◆ DIRECTIONS: Once the line containing "HVAC Technician Mechanic" is found in the records below, return it and each following line exactly, up to and including the line containing "Delock PCI Express", and nothing else.

◆ MATERIAL SHOWN:
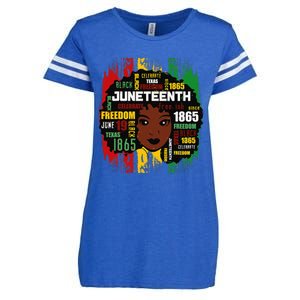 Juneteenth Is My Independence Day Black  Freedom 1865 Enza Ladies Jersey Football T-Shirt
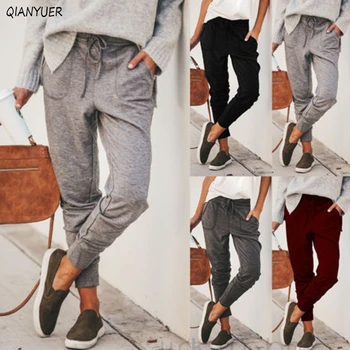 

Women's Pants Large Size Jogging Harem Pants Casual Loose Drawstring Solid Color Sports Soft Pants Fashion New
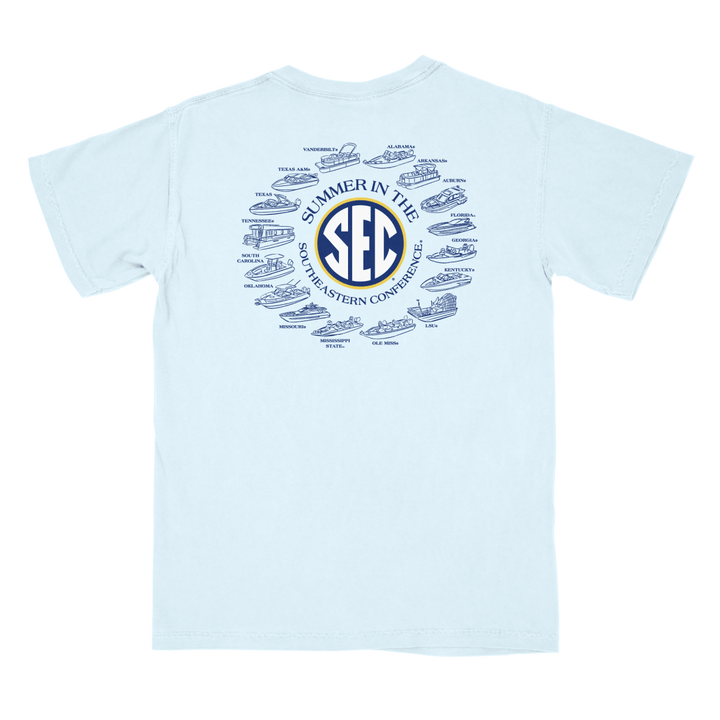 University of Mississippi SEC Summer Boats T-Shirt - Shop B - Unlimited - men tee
--
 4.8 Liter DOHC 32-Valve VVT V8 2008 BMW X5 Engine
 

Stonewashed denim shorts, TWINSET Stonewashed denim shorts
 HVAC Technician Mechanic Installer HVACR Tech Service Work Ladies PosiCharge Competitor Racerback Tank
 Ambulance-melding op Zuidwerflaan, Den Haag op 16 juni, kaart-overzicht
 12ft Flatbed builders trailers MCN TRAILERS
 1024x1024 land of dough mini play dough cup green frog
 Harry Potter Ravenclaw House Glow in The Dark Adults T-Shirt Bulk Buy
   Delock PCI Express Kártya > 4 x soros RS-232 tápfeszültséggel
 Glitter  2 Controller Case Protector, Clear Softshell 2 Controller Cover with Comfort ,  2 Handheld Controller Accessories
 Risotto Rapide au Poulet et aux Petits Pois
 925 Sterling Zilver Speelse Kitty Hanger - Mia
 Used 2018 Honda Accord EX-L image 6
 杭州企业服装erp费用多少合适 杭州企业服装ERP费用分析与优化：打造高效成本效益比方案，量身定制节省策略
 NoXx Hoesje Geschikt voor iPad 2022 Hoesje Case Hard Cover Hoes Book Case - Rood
...
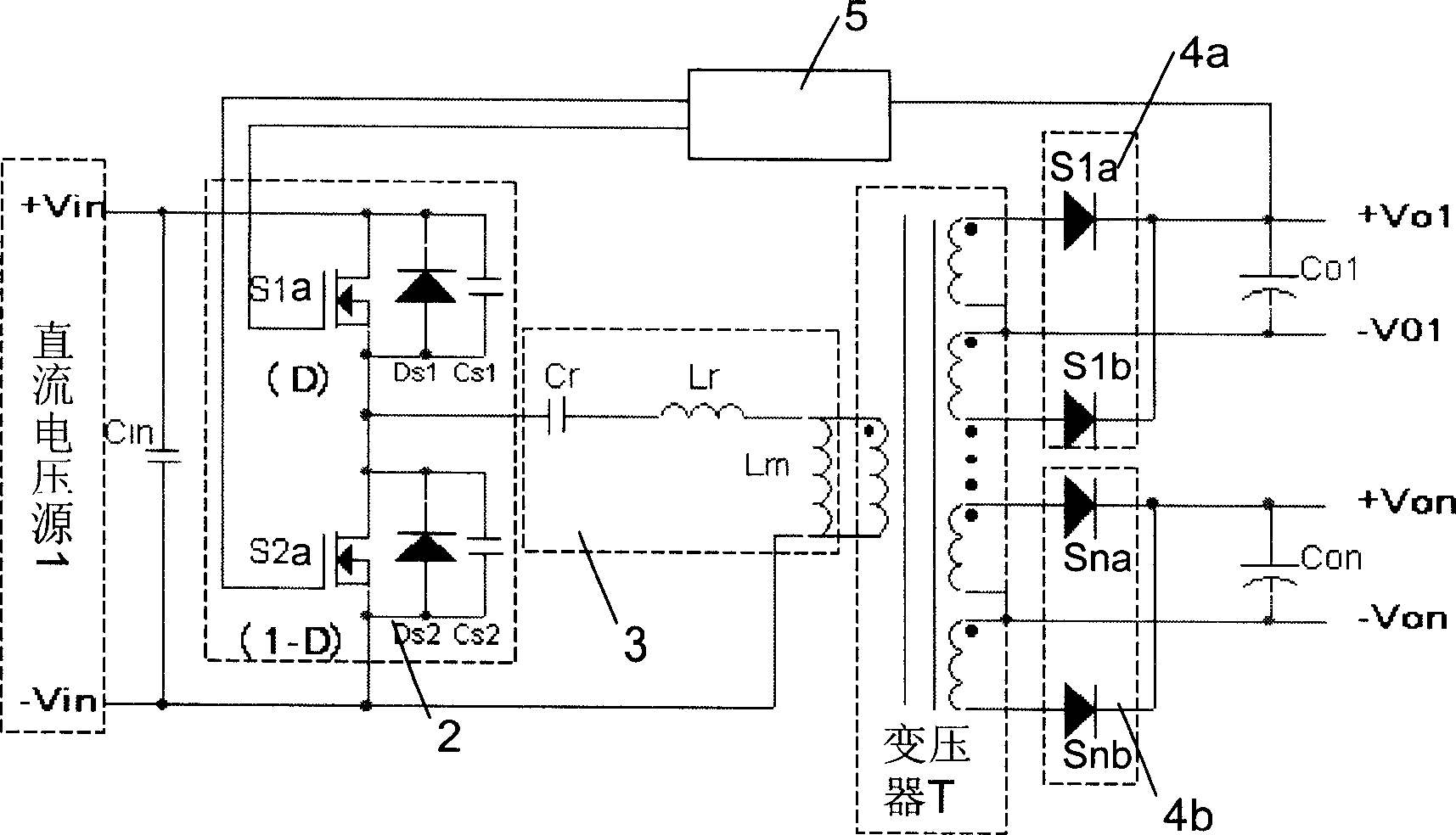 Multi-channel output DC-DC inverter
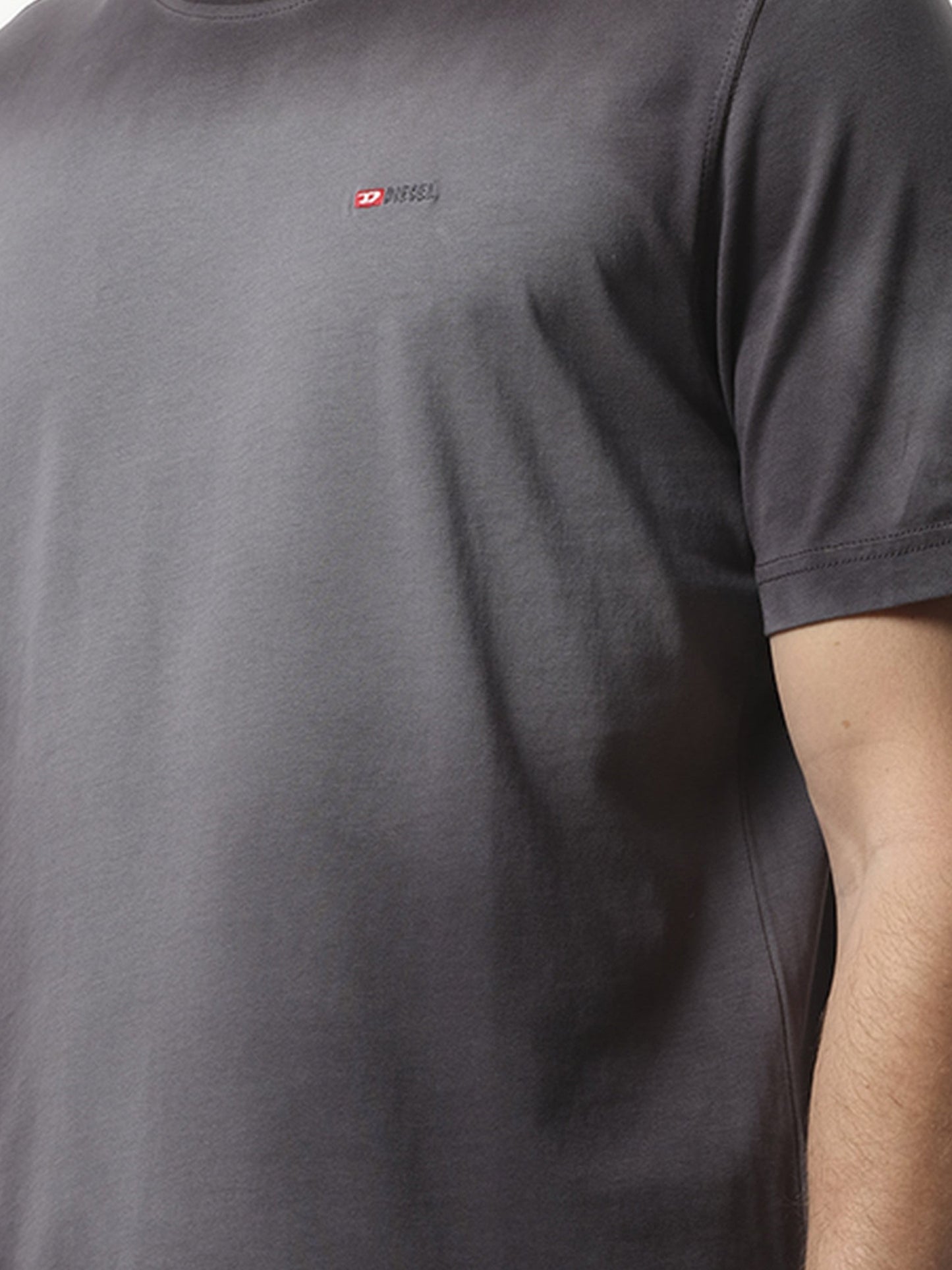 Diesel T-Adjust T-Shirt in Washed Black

◆ WRITTEN RESPONSE:
 HVAC Technician Mechanic Installer HVACR Tech Service Work Ladies PosiCharge Competitor Racerback Tank
 Ambulance-melding op Zuidwerflaan, Den Haag op 16 juni, kaart-overzicht
 12ft Flatbed builders trailers MCN TRAILERS
 1024x1024 land of dough mini play dough cup green frog
 Harry Potter Ravenclaw House Glow in The Dark Adults T-Shirt Bulk Buy
   Delock PCI Express Kártya > 4 x soros RS-232 tápfeszültséggel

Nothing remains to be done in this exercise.